An inventor has created what he claims is the world’s first motorcycle powered by fresh air.

Jem Stansfield says his converted Puch moped produces cleaner air than found in many town and city centres and so can actually reduce pollution.

“It actually fires out cleaner air,” said 37-year-old Stansfield, who used to be a sheep herder.

The University of Bristol aeronautics graduate fitted the Puch with high pressure carbon fibre air cylinders used by fire fighters as breathing apparatus in burning buildings.

38 thoughts on “Air-powered scooter

  1. post some links, tell us why we are not all riding compressed-air scooters to work… add something to the debate rather than just claiming to have superior knowledge.

    Personally, I’d rather not have two pressurized containers between my ankles if I were to slip on some leaves!

  2. No doubt, sweavo!

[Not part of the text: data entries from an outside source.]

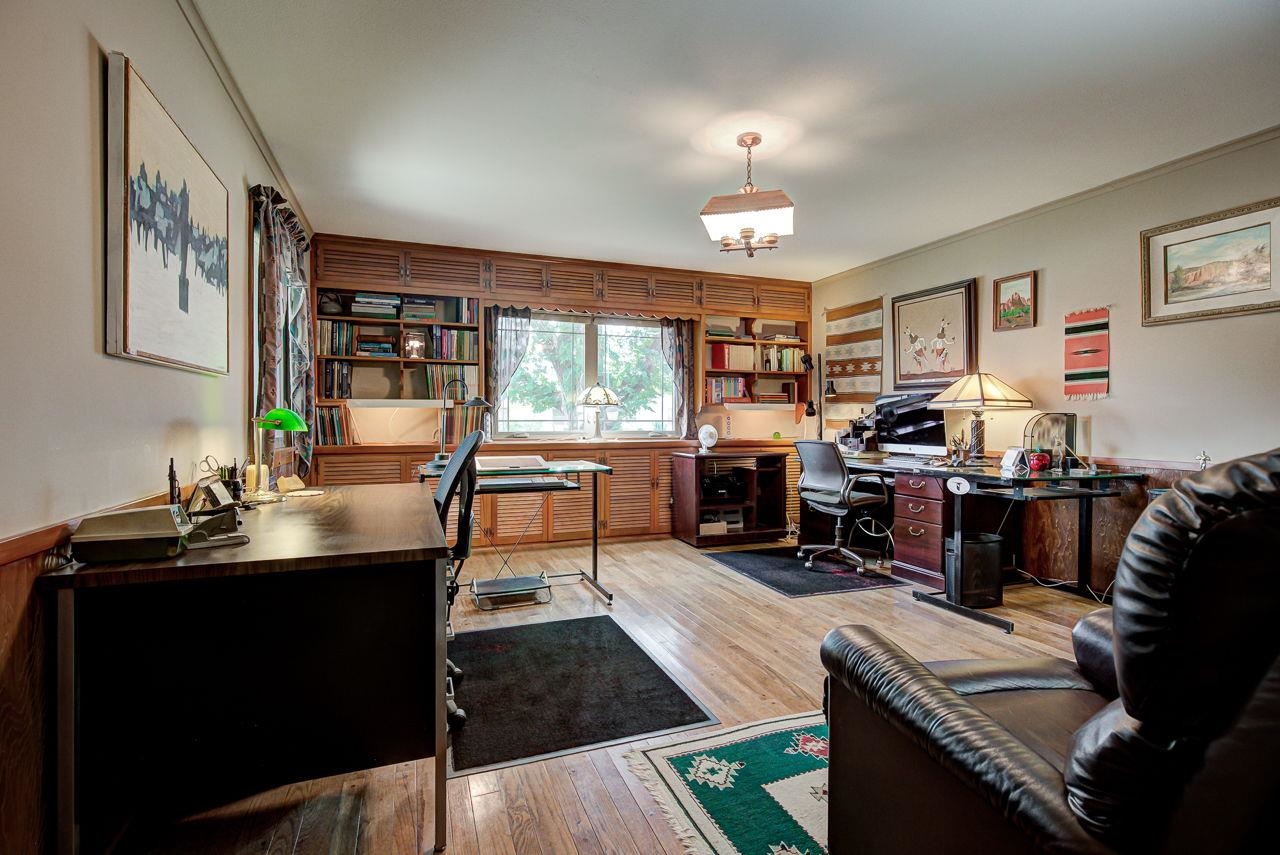 1502 Ramona Dr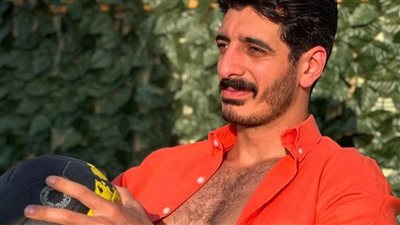 محمد شاكر ينفي شائعة القبض عليه بظهور مباشر عبر لايف على تيك توك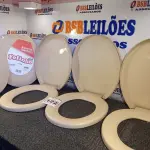 LOTE 122 - 05 ASSENTOS PARA VASO SANITÁRIO. (NO ESTADO) ATENÇÃO! FAZER A VISITAÇÃO ANTES DE ARREMATAR, NÃO SABEMOS SE FUNCIONA. LEILÃO NÃO TEM GARANTIA E NEM DEVOLUÇÃO, SUJEITO A POSSÍVEIS AVARIAS VISÍVEIS/OCULTAS E/OU AUSÊNCIA DE COMPONENTES.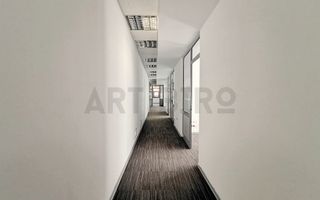 Zero comision, 260-682mp birou mobilat, move-in ready, Romana, 6' metrou - Poză 12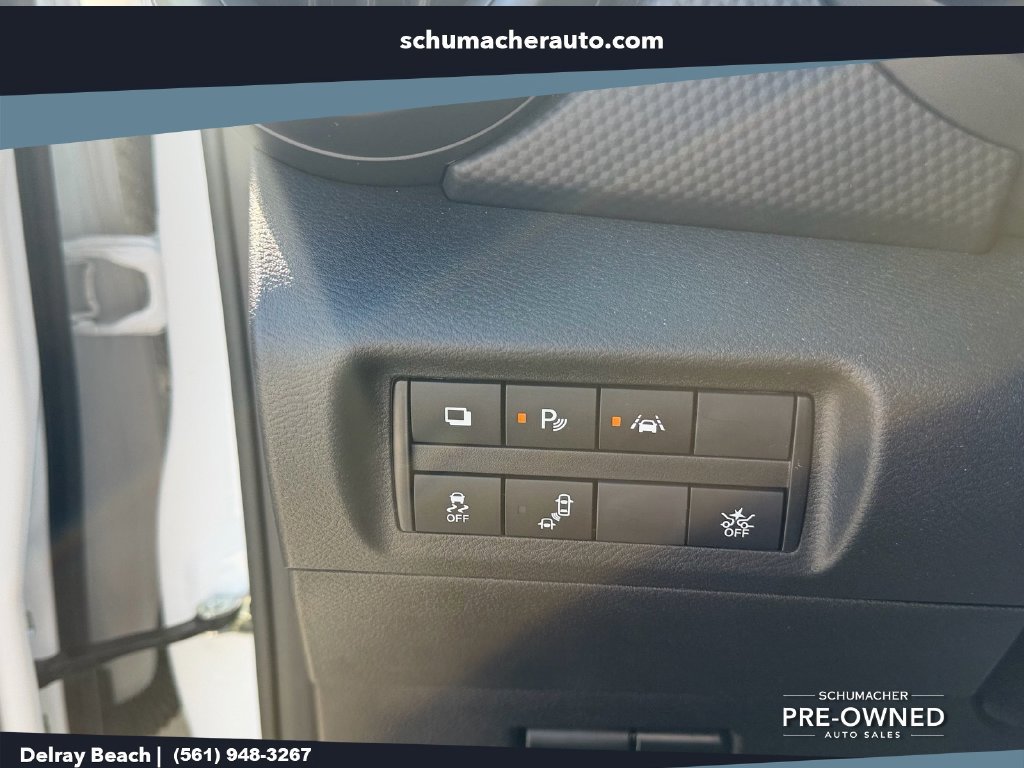 Used 2025 Nissan Kicks Play S FWD image 23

Those pressurized containers seem dangerous! Give me a tank full of highly flammable liquid for me to cradle between my legs any day!

    Seriously though, combine that with a solar or wind powered air compressor at your home base and it doesn’t seem like that bad of an idea. Or, go for the simple solution and just ride a bicycle around town.

    Problems and such aside, I would ride it just ’cause it looks neat. With a little bit of work you could make it very steampunk.

  3. @sweavo:
    >tell us why we are not all riding compressed-air scooters to work.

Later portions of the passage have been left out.